As drug discovery and research efforts for COVID-19 therapies have inherited the spotlight in pharma and clinical labs around the world, interest in automated liquid handlers and robotics that can handle the workload has been increasing rapidly. This should not be surprising, as large-scale testing is needed to process thousands of patient samples every day and the money has been pouring in for coronavirus research. To that end, high throughput capabilities are needed to accommodate routine applications in PCR testing, ELISA, nucleic acid purification, next generation sequencing, and cell culture analysis. Such automated technologies also benefit labs by promoting physical distancing between staff, a necessary practice to uphold during this era, but one that can reduce lab productivity in the absence of automation.
The most fundamental technique to combat the COVID-19 pandemic is real-time (RT) PCR, the primary tool used to test people for the virus and therefore the biggest driver of lab automation during this time. RT-PCR testing is used to detect the presence of SARS-CoV-2 antigens, a process which demands a great deal of hands-on work.
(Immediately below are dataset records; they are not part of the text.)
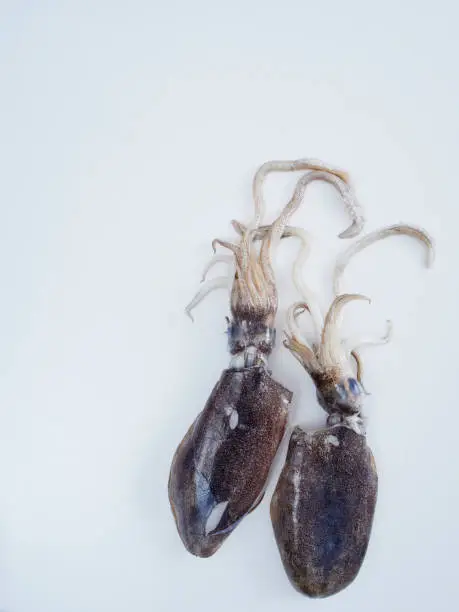 Photo of Large squid on the cooking table. Fresh seafood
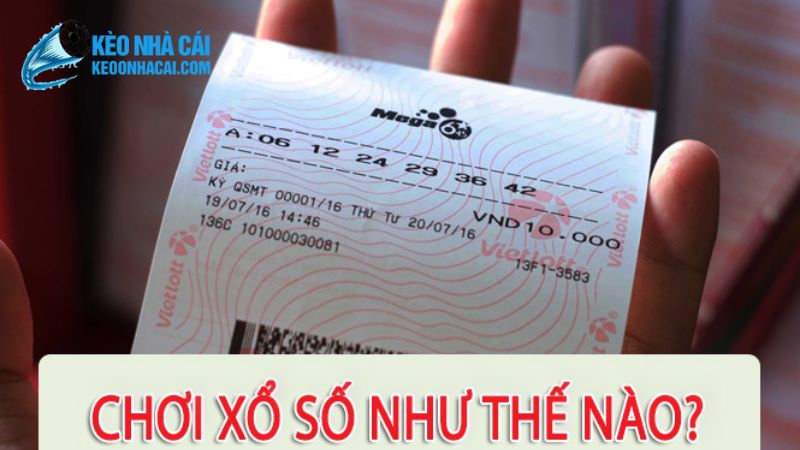 xo so 3 Mẹo chơi xổ số FB88 dễ trúng
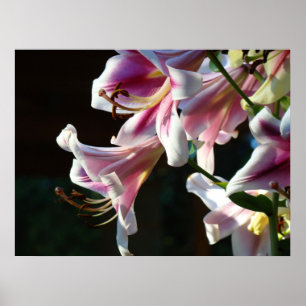 Pink Lily Flowers Garden Floral art prints Framed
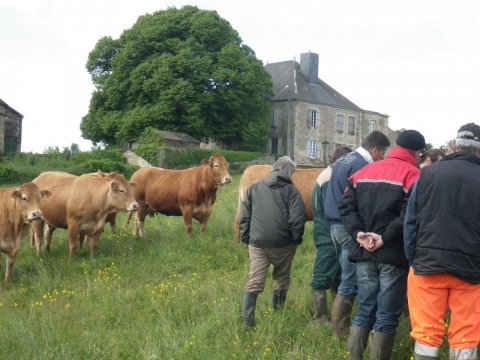 Le Groupe dacteurs de la commune de Nanteuil (79) prend connaissance des critères de délimitation des zones humides.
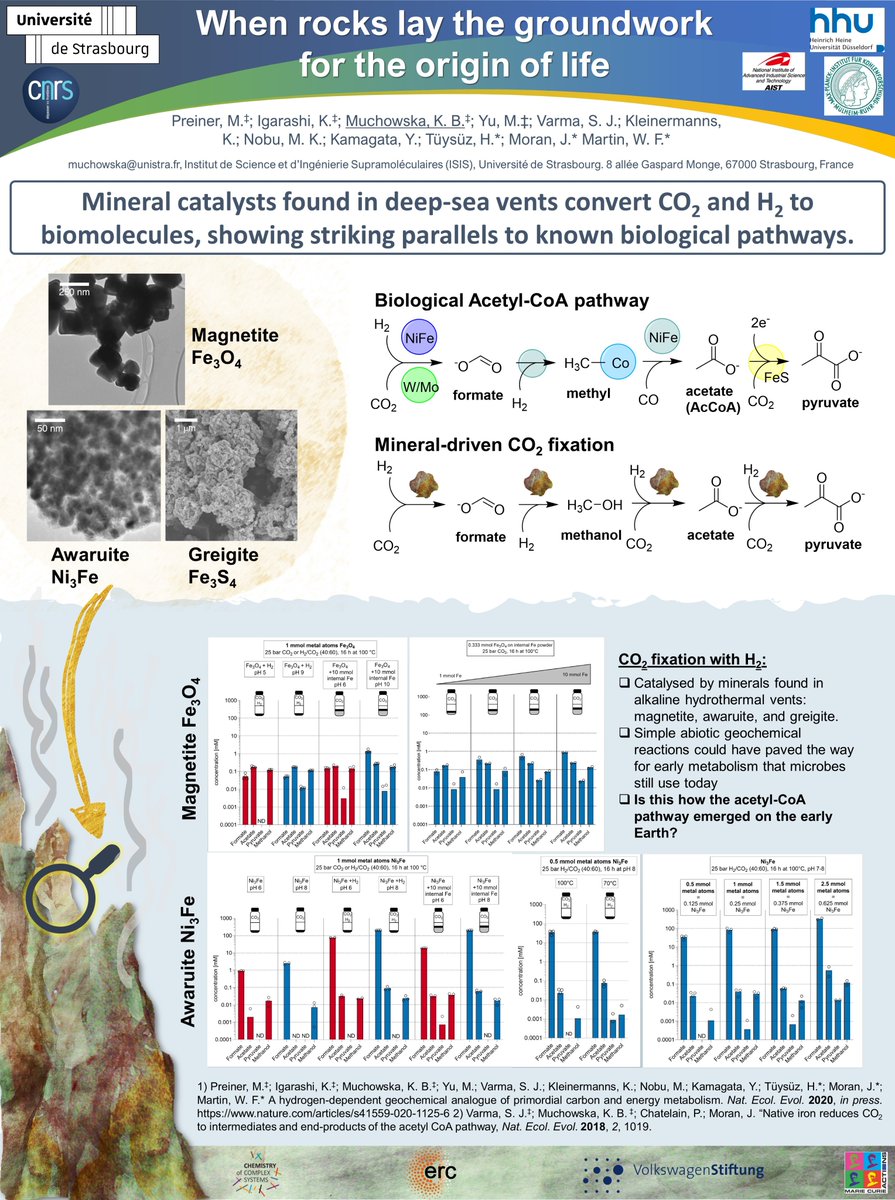 Kamila Muchowska tweet media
The process begins with the extraction of RNA from patient samples, which is combined with nucleotides and a special enzyme that copies the RNA into DNA. This new DNA is then amplified until there is enough sample to work with. Amplification primers, which are short sequences of DNA unique to the coronavirus, are then added to the sample with an enzyme and other chemicals in order to unzip the DNA strands. The amplification primers attempt to match up with the DNA sequences. If the primers are unable to combine with the DNA in the sample, then the DNA can’t be replicated, and the test will register as negative. If the DNA does replicate, however, the test will register as positive.
While RT-PCR tests are being used globally to diagnose cases of COVID-19, these tests only detect if the virus is present, not if a person has developed antibodies. For antibody detection, an enzyme-linked immunosorbent assay (ELISA) may be used. For this test, a sample of human serum, whole blood, or plasma, is incubated with a viral SARS-CoV-2 protein. If the patient has antibodies to the viral protein, they bind together. The bound antibody-protein complex can subsequently be detected with an additional wash of antibodies that produce a color or fluorescent-based readout. Demand for such antibody testing is booming right now, which in turn is boosting the sales of automation technologies that support high throughput ELISA.
Automation systems for next generation sequencing are also on the rise. This technique is able to sequence huge swaths of DNA, and therefore the technology can reveal more information than RT-PCR. Next generation sequencing works by fragmenting DNA and generating short sequence reads, which are then reassembled using bioinformatics to piece together a complete sequence of a target gene or genome. In terms of COVID-19 testing, the technology is used to investigate whether a patient is infected with other viruses, acquire the genetic makeup of the virus, and study its genetic mutations. Thus, next generation sequencing is perhaps the most valuable research tool available to study how the coronavirus is evolving over time.
In support of the three most common aforementioned analytical techniques for COVID-19 testing activities, there are a plethora of automated liquid handlers and robotic systems already on the market that are seeing an uptick in demand thanks to the wave of increased funding for studying SARS-CoV-2. In fact, many suppliers are beginning to customize these systems specifically for work related to the coronavirus. One example is Hamilton Company, the leading supplier of laboratory robotics, which recently released two new automated assay workstations based on the company’s Microlab STARlet liquid handling station. The MagEx STARlet assay workstation provides high-throughput magnetic bead-based RNA extraction of biological samples, and the PCR Prep STARlet assay is pre-configured and qualified to automate high throughput pre-PCR sample setup using the latest protocols from the CDC. Both of these workstations are designed to work with the assay requirements of any provider. Tecan, also a leading supplier of laboratory automation, is touting its Freedom EVO platforms and DreamPrep NGS solution as ideal sample prep stations for coronavirus research and detection. Meanwhile, Eppendorf offers the epMotion series for automated liquid handling in COVID-19 testing and research, which is available in four different formats.
The sheer magnitude of the pandemic means that laboratory automation technologies are being embraced more than ever for their ability to drastically reduce the bottlenecks in sample prep and process samples at a much faster rate than humans. Although COVID-19 testing and research efforts are currently the main driver, the need for lab automation has been accelerated in other laboratories too as a means of helping them operate more safely and efficiently. The current market outlook for lab automation is just one of the many areas of analytical tools and technologies covered in the SDi Global Assessment Report 2020, which was most recently updated in June in order to address how market conditions have evolved during the pandemic.